*** Opening of RAW DATA ***

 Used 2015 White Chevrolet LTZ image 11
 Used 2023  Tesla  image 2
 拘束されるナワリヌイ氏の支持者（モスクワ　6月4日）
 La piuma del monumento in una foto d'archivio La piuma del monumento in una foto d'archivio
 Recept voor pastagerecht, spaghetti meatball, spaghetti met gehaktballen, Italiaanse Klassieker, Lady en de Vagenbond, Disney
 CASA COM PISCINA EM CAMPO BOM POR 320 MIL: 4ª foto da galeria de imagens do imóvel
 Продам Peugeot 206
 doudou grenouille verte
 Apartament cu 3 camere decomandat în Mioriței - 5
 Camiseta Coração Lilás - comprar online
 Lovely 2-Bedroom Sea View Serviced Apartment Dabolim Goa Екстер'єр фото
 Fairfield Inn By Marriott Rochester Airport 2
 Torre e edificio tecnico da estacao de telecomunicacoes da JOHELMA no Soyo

*** Close of RAW DATA ***

**ABOUT THIS TASK:** In the entries above, copy each line that contains the string "foto".

**FINISHED EXERCISE:**
 La piuma del monumento in una foto d'archivio La piuma del monumento in una foto d'archivio
 CASA COM PISCINA EM CAMPO BOM POR 320 MIL: 4ª foto da galeria de imagens do imóvel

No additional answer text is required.